## Work instruction
Take the line containing "TBILISI, GEORGIA - 9" and all lines after it, through the end of the material, and repeat them exactly, pictures left out.

## Data section
|---|

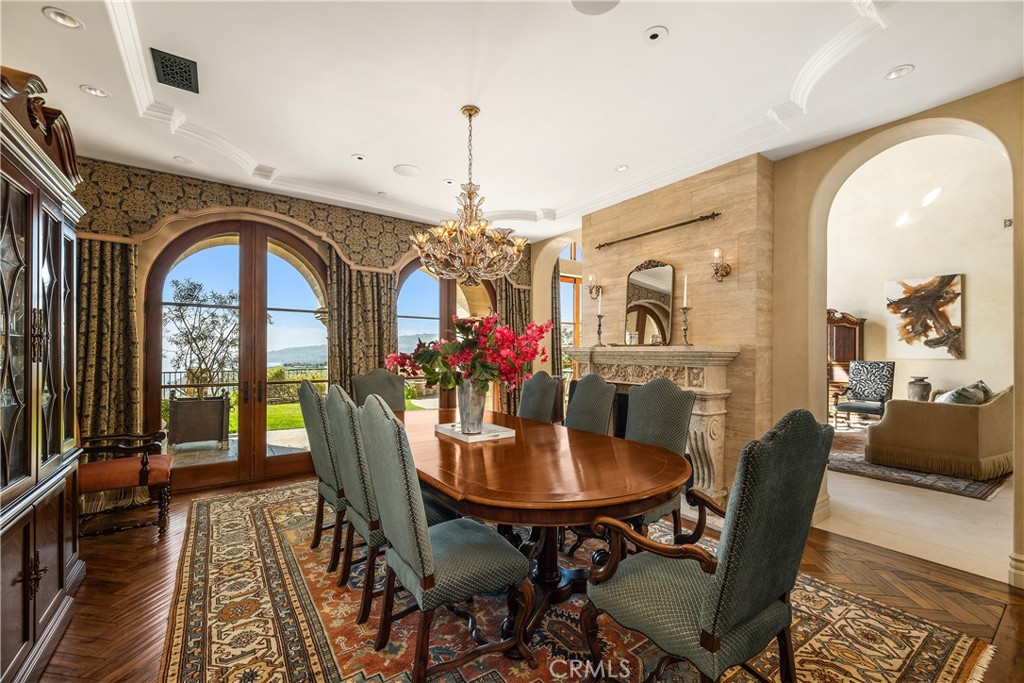 Furnished dining room with an oval table, ornate chandelier, arched glass doors, and carved stone fireplace.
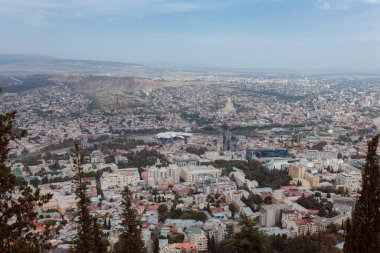 TBILISI, GEORGIA - 9 AĞUSTOS 2021: Dağlık arazili kırmızı tuğlalı evlerin olduğu eski şehir manzarası.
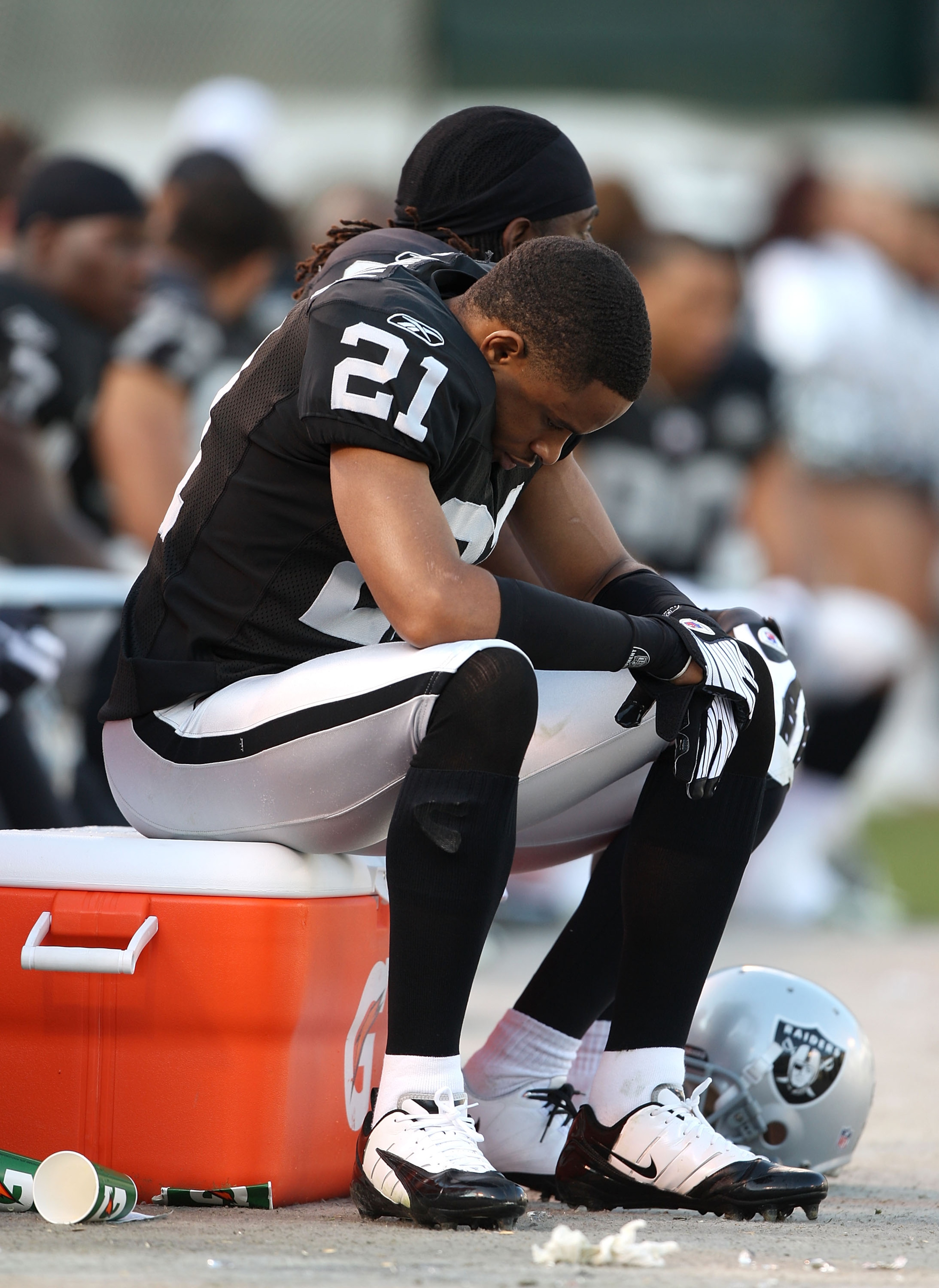 OAKLAND, CA - JANUARY 3:  Nnamdi Asomugha #21 of the Oakland Raiders sits on the bench against the Baltimore Ravens during an NFL game at Oakland-Alameda County Coliseum on January 3, 2010 in Oakland, California. (Photo by Jed Jacobsohn/Getty Images)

|---|

## Task solution
 TBILISI, GEORGIA - 9 AĞUSTOS 2021: Dağlık arazili kırmızı tuğlalı evlerin olduğu eski şehir manzarası.
 OAKLAND, CA - JANUARY 3:  Nnamdi Asomugha #21 of the Oakland Raiders sits on the bench against the Baltimore Ravens during an NFL game at Oakland-Alameda County Coliseum on January 3, 2010 in Oakland, California. (Photo by Jed Jacobsohn/Getty Images)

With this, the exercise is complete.